**Listed records**
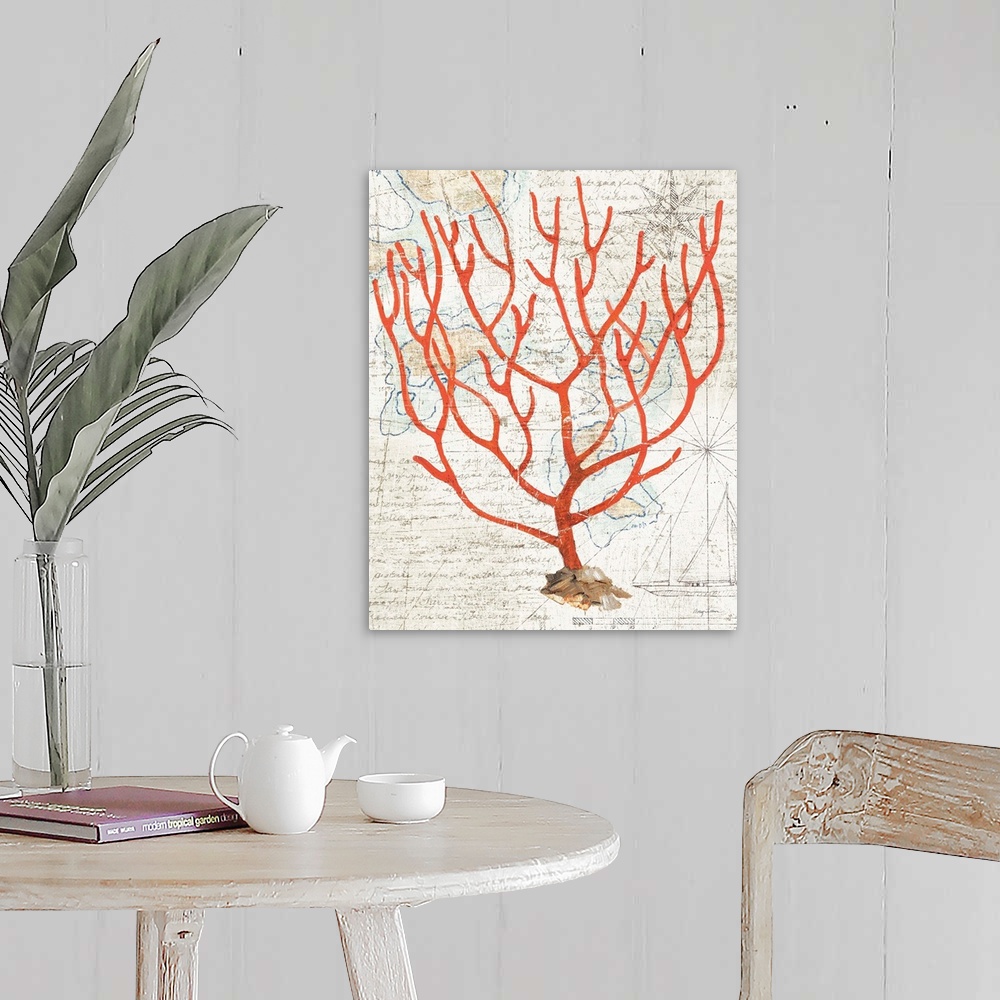 A farmhouse room featuring Vintage stylized illustration of red coral against a vintage map background.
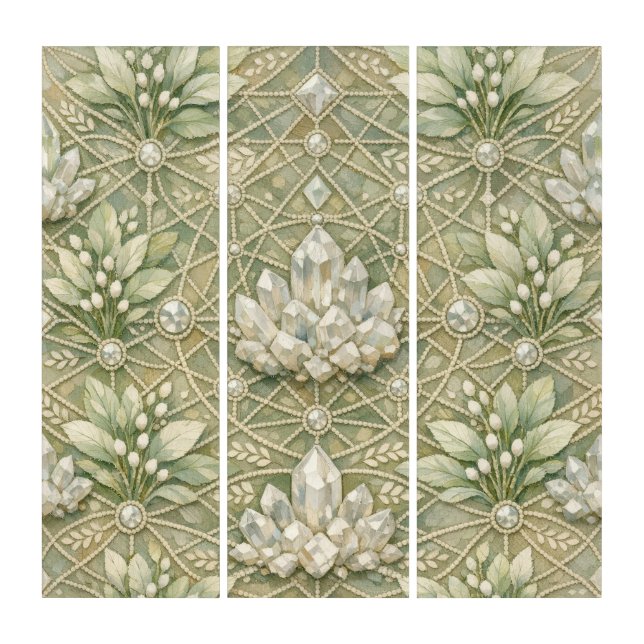 Sacred Geometry — Crystal Grid Fusion Art Print Triptych (Front)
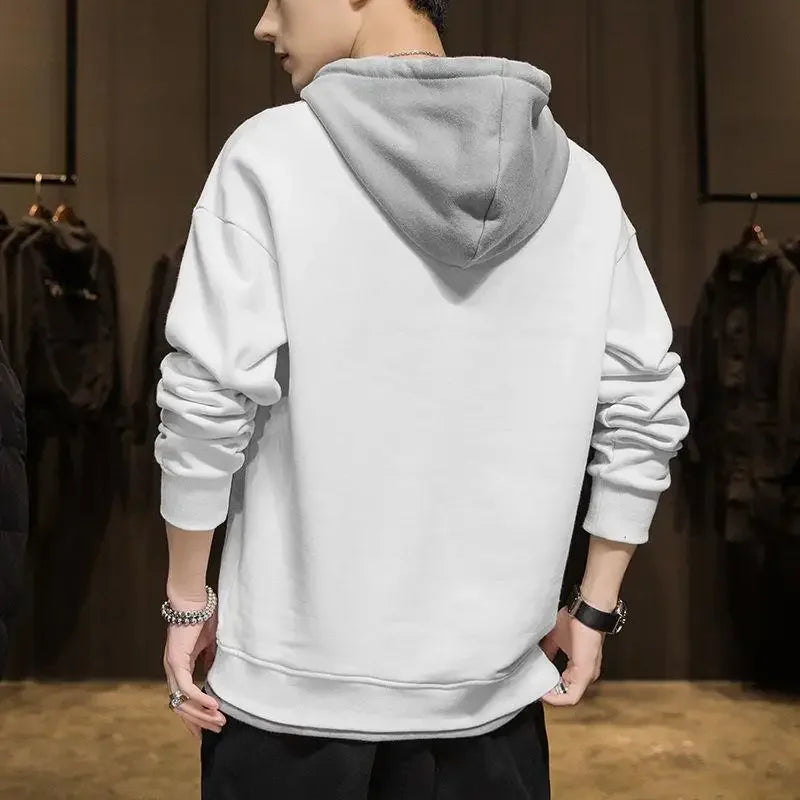 Korean Style Man Hoodies Winter Warm Sweatshirts for Men S Welcome Deal Cheap Harajuku Fashion Aesthetic Loose Simple Autumn Emo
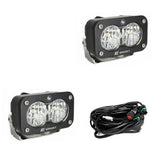 S2 Sport Black LED Light Pod Pair (Wide Cornering; Clear)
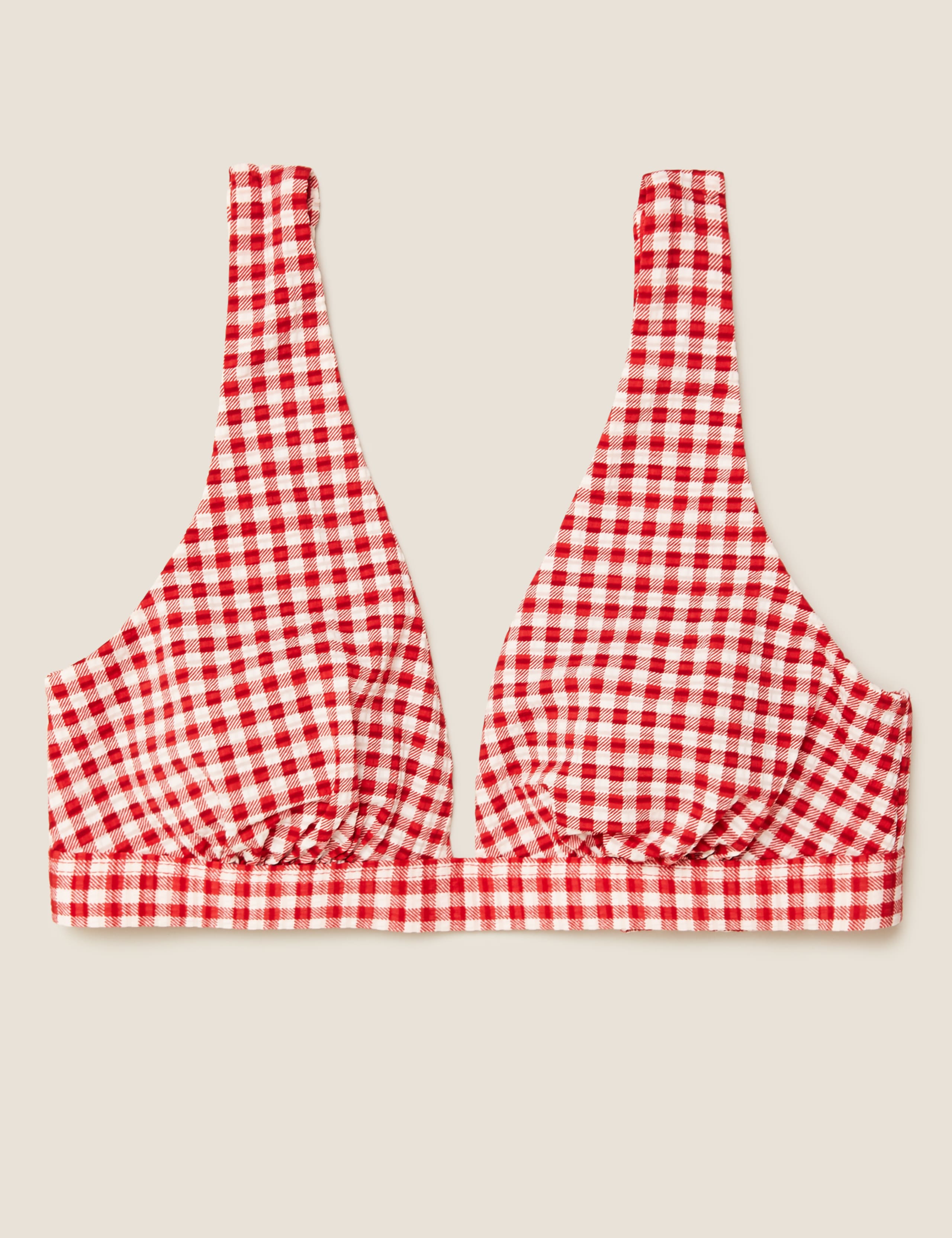 Textured Gingham Plunge Bikini Top 2 of 6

**Description of the task**
Drop every picture, then write out the remaining entries above exactly as they appear.

**Problem solution**
 A farmhouse room featuring Vintage stylized illustration of red coral against a vintage map background.
 Sacred Geometry — Crystal Grid Fusion Art Print Triptych (Front)
 Korean Style Man Hoodies Winter Warm Sweatshirts for Men S Welcome Deal Cheap Harajuku Fashion Aesthetic Loose Simple Autumn Emo
 S2 Sport Black LED Light Pod Pair (Wide Cornering; Clear)
 Textured Gingham Plunge Bikini Top 2 of 6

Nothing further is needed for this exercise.